======== Raw data ========
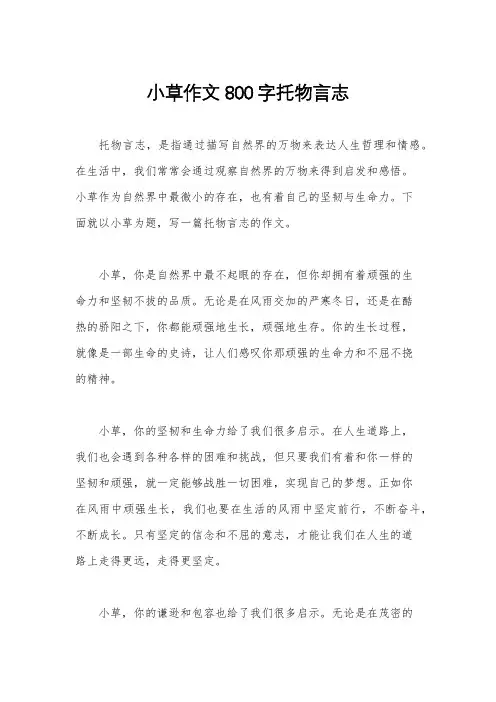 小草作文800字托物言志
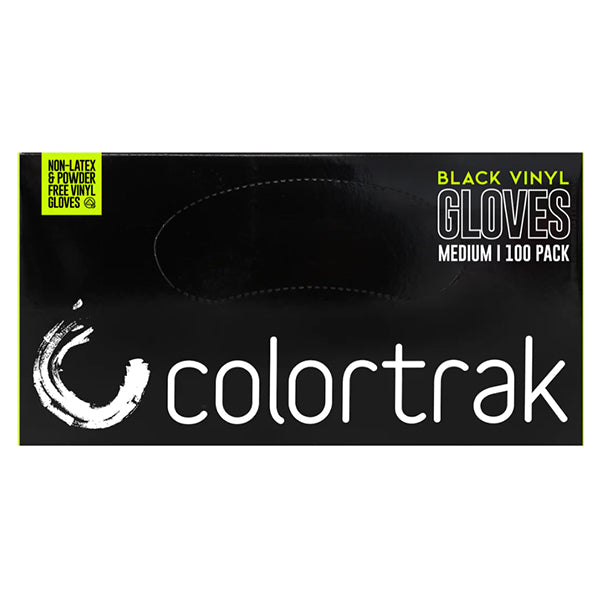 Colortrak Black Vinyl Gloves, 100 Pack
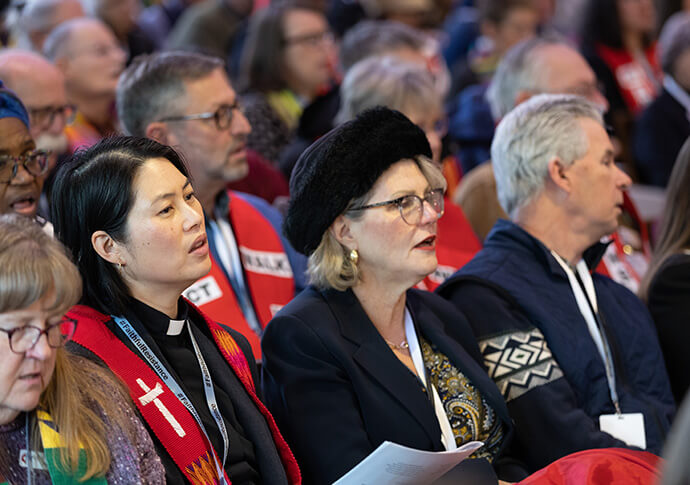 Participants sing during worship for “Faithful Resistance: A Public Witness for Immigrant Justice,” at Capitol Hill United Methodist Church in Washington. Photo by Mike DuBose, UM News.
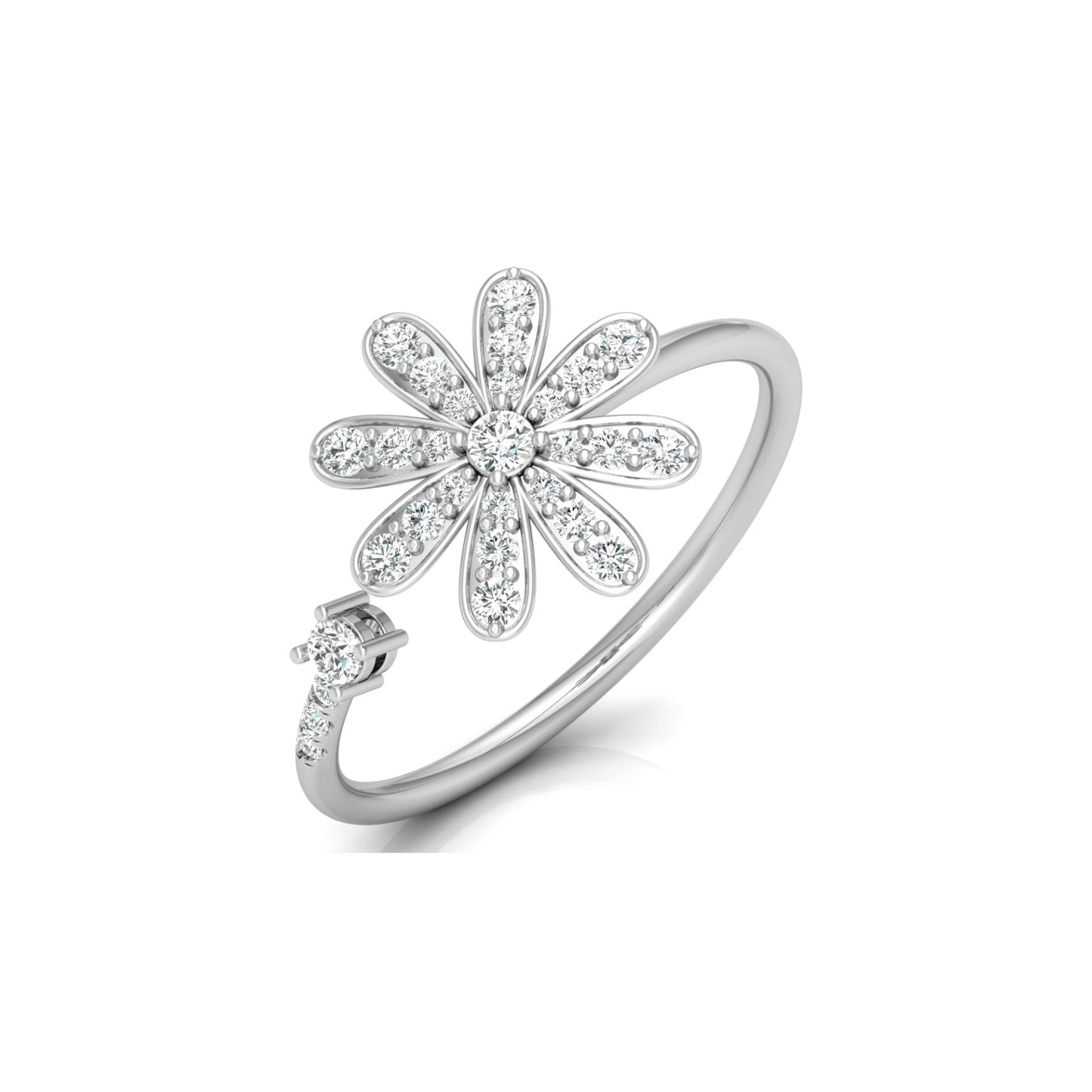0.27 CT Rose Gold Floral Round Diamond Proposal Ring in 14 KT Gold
========
Only the lines from the one holding "Participants sing during" through the end of the data are to be printed, exactly as they stand and with no pictures.

▶ _The completed task_
 Participants sing during worship for “Faithful Resistance: A Public Witness for Immigrant Justice,” at Capitol Hill United Methodist Church in Washington. Photo by Mike DuBose, UM News.
0.27 CT Rose Gold Floral Round Diamond Proposal Ring in 14 KT Gold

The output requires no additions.